» Available records
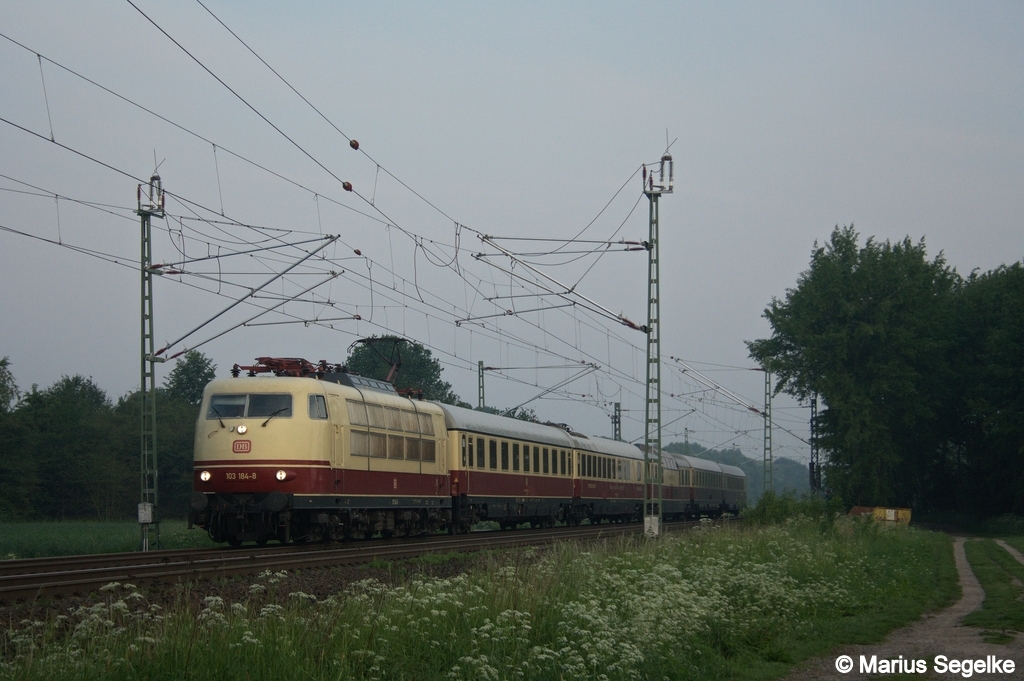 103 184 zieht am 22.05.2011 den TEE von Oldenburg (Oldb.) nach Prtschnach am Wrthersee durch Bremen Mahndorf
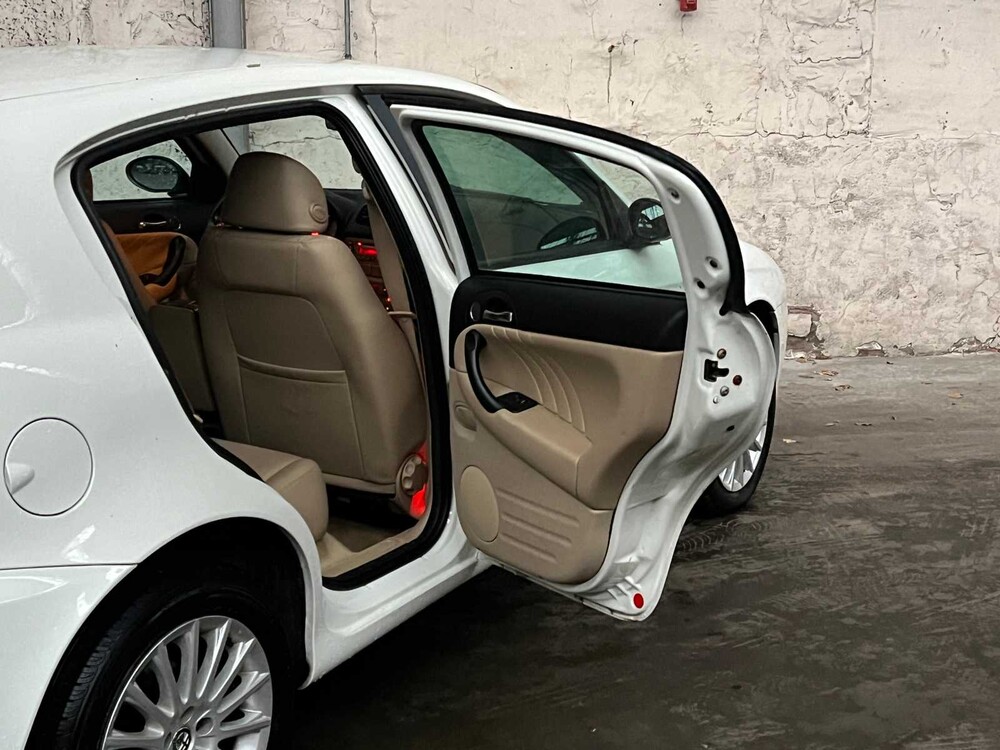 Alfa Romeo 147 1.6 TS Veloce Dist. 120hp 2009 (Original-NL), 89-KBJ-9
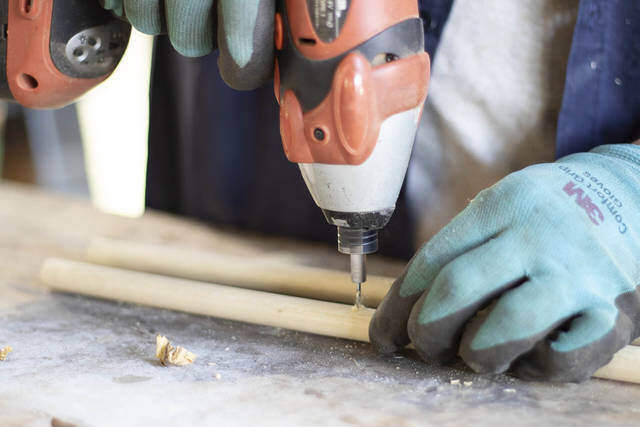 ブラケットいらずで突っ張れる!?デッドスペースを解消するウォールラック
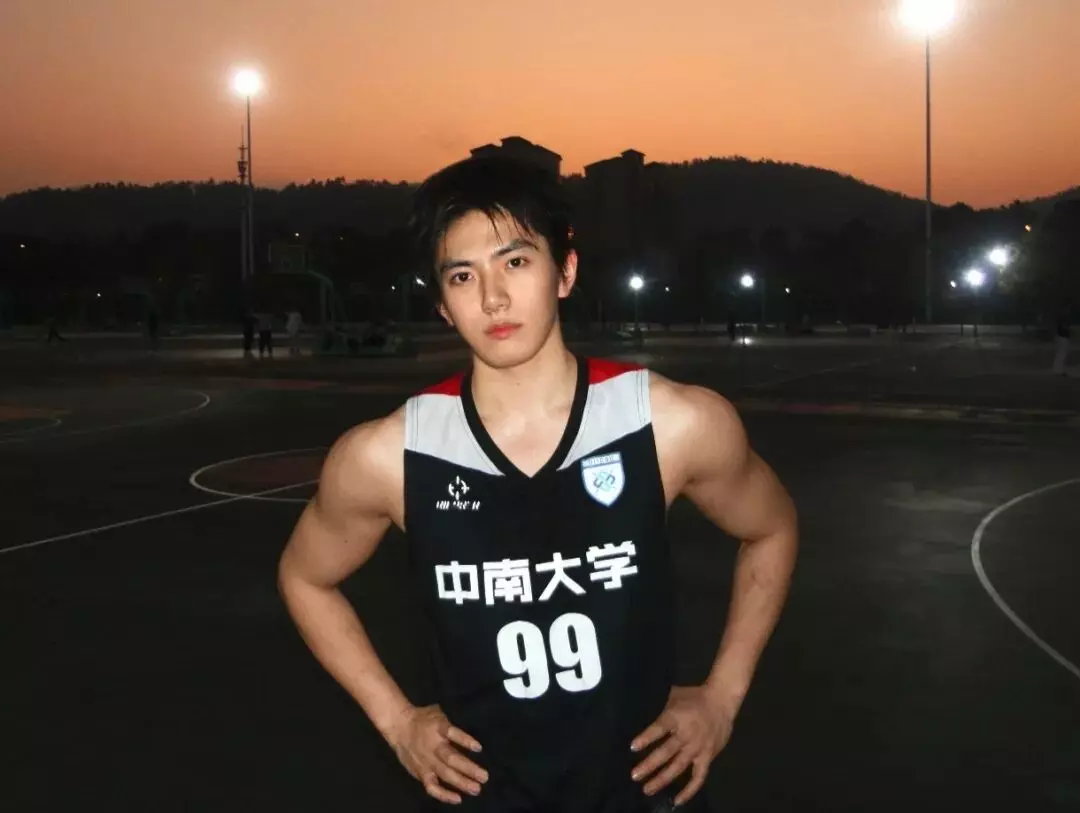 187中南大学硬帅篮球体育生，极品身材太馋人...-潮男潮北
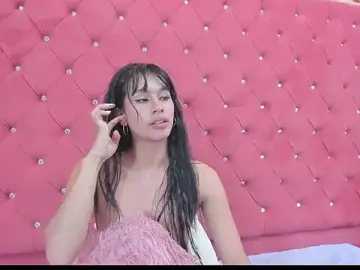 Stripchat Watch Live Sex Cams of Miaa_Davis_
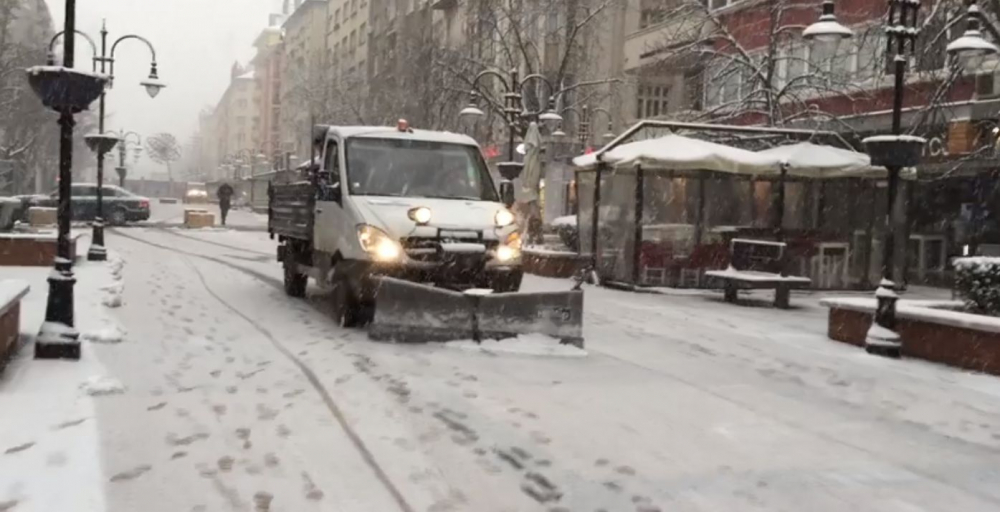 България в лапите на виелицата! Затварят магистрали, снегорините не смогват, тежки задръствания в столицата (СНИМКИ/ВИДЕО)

» Exercise objective
Copy everything in the records above except the pictures, exactly as written.

» Task response
 103 184 zieht am 22.05.2011 den TEE von Oldenburg (Oldb.) nach Prtschnach am Wrthersee durch Bremen Mahndorf
 Alfa Romeo 147 1.6 TS Veloce Dist. 120hp 2009 (Original-NL), 89-KBJ-9
 ブラケットいらずで突っ張れる!?デッドスペースを解消するウォールラック
 187中南大学硬帅篮球体育生，极品身材太馋人...-潮男潮北
 Stripchat Watch Live Sex Cams of Miaa_Davis_
 България в лапите на виелицата! Затварят магистрали, снегорините не смогват, тежки задръствания в столицата (СНИМКИ/ВИДЕО)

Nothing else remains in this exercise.